Moundabout, the duo consisting of Gnod’s Paddy Shine and Phil Langero (of Los Langeros, Damp Howl and Bisect) release their third album, Goat Skull Table, being a spell for passing between worlds. The album opens with a spectacturaly intense invocation, chanted by Langero, against a background of disturbed electronics which sound like the kind of noises ghost hunters wish they could record: the throbbing of a psychic helicopter, string glitches from the other side, lurching music propelled against its will by malign forces. Langero summons dark spirits in a voice haunted by strange elisions and sudden emphases, as though he’s not in control of what he says. “Come back goat, to this rotting crooown!” he leers. It’s truly terrifying – which is quite an achievement, as the line between scary and ludicrous is paper thin, especially when actual satanic invocations are involved.
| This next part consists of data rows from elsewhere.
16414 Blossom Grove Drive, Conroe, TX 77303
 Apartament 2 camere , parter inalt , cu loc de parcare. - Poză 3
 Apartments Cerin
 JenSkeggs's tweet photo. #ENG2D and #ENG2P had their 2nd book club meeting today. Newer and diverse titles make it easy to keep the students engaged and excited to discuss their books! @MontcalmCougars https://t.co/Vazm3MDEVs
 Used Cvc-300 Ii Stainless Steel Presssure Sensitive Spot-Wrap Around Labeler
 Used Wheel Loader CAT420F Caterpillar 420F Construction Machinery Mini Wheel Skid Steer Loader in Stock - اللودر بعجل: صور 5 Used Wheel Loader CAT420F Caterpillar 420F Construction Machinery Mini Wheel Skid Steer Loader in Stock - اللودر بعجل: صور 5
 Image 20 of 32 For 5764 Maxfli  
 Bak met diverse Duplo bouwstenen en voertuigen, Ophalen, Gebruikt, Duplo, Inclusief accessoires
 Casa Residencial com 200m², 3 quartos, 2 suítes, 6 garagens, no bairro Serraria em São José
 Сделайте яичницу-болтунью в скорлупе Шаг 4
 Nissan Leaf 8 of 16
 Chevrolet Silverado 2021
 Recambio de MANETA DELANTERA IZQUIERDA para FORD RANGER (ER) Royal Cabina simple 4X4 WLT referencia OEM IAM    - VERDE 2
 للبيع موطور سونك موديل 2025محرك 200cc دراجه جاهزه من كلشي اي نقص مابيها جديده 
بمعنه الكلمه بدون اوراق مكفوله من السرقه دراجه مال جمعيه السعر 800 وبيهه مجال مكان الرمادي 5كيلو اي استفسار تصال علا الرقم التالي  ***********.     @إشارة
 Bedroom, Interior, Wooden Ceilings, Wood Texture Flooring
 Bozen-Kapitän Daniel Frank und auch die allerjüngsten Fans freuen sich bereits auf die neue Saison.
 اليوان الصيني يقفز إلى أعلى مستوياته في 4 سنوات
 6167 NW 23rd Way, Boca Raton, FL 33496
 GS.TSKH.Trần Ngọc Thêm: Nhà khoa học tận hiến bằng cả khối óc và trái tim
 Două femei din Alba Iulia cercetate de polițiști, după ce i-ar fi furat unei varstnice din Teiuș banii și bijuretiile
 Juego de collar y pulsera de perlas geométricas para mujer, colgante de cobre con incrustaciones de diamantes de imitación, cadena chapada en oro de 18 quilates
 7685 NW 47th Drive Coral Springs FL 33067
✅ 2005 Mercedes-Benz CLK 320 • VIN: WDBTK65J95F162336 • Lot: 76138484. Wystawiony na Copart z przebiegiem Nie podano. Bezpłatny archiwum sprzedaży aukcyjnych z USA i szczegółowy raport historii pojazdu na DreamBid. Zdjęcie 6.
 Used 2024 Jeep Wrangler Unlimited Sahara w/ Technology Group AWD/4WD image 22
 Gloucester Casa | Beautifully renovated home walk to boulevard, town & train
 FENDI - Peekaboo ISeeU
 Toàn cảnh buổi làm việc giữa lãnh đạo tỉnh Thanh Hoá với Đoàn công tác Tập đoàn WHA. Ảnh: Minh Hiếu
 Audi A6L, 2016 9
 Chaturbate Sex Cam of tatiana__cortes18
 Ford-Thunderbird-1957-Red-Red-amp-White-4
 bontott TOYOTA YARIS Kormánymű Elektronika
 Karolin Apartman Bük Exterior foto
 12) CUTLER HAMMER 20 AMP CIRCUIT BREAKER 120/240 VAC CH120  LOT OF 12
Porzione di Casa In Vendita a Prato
Moundabout are for real, though, and we believe that they mean it. They have been a distinctive presence since their 2022 single ‘Bog Bodies’, the kind of song that rematerialises suddenly in the listener’s mind, years after they last heard it. Goat Skull Table is rooted in the mantic music made by the likes of Julian Cope and, before him, Comus. Nurse With Wound, explicitly, and Coil are also clear antecedents. There is also an intriguing link with other alternative Irish musicians from the folk scene, such as Lankum and John Francis Flynn, who understand the power of repetition, and lean towards drone.
The band came out of a megalithic roadtrip through the Irish Midlands to see Nurse With Wound, via the many stone circles, pillars, and passage tombs that mark transition points between one world and the next. Goat Skull Table is a trance album, but not as we know it. The opening chant is followed by two shorter tracks, like squeezing through the tight entrance to a tomb, before it spreads out into an inner space with two ten-minute dream-state tracks. ‘Brave New World’ and ‘Am I Not’ are summoning songs, played on acoustic guitar, blurring the distinction between life and death. ‘Blood on My Blanket’ and ‘Wagon’ go full fugue, spinning layer upon layer of repetition and shift. They are ecstatic pieces. If any album can succeed in breaking through the veil, this is surely it.